Le train «a freiné trop tard», affirme vendredi le journal El Pais, l'enquête semblant s'orienter sur une possible insuffisance du système de freinage.

L'accident qui a fait 78 morts (le bilan de 80 morts ayant été revu à la baisse) s'est produit alors que le train venant de Madrid abordait un virage très serré, appelé A Grandeira, à environ quatre kilomètres de la gare de Saint-Jacques de Compostelle.

Le convoi, un train traditionnel, circulait à ce moment-là sur une ligne de voie à grande vitesse, mais où la vitesse est limitée à 80 kilomètres heure.

«Les systèmes d'alerte de la voie ferrée ont sauté en repérant que Francisco José Garzon Amo, le chauffeur du train, circulait à 190 kilomètres heure alors qu'il n'aurait pas dû dépasser les 80», écrivait vendredi El Pais, qui avait la veille révélé des extraits d'une conversation par radio entre le chauffeur et la gare juste avant et après l'accident.

«L'alarme, comme l'a reconnu le chauffeur lui-même, s'est allumée dans le tableau de bord et il a essayé de freiner, sans pouvoir empêcher la tragédie», ajoute le journal.

Le chauffeur, âgé de 52 ans, travaille depuis 30 ans à la Renfe, la compagnie publique des chemins de fer espagnols, et depuis 2000 comme chauffeur.
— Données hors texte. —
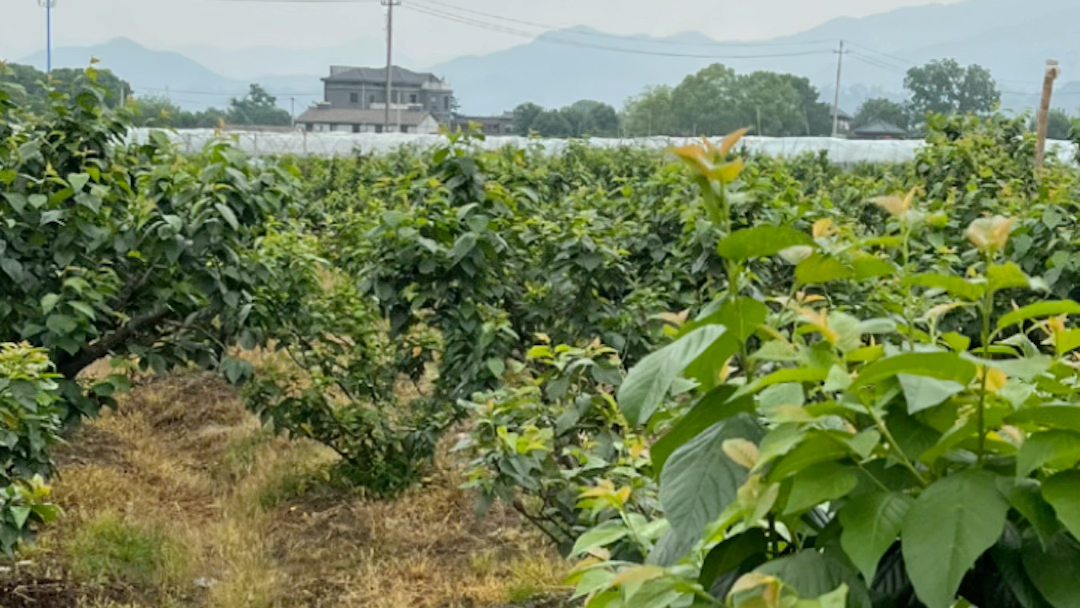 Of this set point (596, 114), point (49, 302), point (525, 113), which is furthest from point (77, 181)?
point (525, 113)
Une brève vidéo diffusée jeudi par un média internet a montré un train fou surgissant à grande vitesse sur la voie à l'entrée de la courbe, puis sortant des rails et se couchant sur le côté.

Légèrement blessé dans l'accident, l'homme a été placé sous surveillance policière à l'hôpital et doit être prochainement entendu par les enquêteurs.

«Je devais aller à 80 et je vais à 190», a lancé le chauffeur, selon l'enregistrement de cette liaison radio qui, selon El Pais, a été transmise au juge chargé de l'enquête.

La voie empruntée par le train, en raison du passage régulier de TGV, est équipée d'un système de contrôle automatique de la vitesse, baptisé ERTMS. Mais celui-ci «n'est pas installé» à cet endroit précis, avait expliqué jeudi Juan Jesus Garcia Fraile, secrétaire général du syndicat espagnol des conducteurs de train.

Le système en vigueur sur ce tronçon est le système ASFA (Anuncio de señales y frenado automatico), qui contrôle surtout le respect des signaux de signalisation, ce qui en fait «un système un peu plus dépendant du facteur humain», avait-il ajouté.

Reprise du trafic

Le trafic sur l'une des voies touchées par l'accident de train mercredi à Saint-Jacques de Compostelle, dans le nord-ouest de l'Espagne, qui a causé la mort de 80 personnes, a été rétabli vendredi en début de matinée, a indiqué le gestionnaire du réseau Adif.

«La circulation sur la voie 2 à grande vitesse a été rétablie à 07h50» (1h50 à Montréal), a déclaré une porte-parole d'Adif, interrogée par l'AFP, qui a ajouté que les voies de train conventionnelles, entre Ourense et Saint-Jacques de Compostelle, avaient été rouvertes à 5h (23h jeudi, heure de Montréal).

Le trafic sur la deuxième voie à grande vitesse, elle aussi touchée par le déraillement du train mercredi, doit encore être rétabli.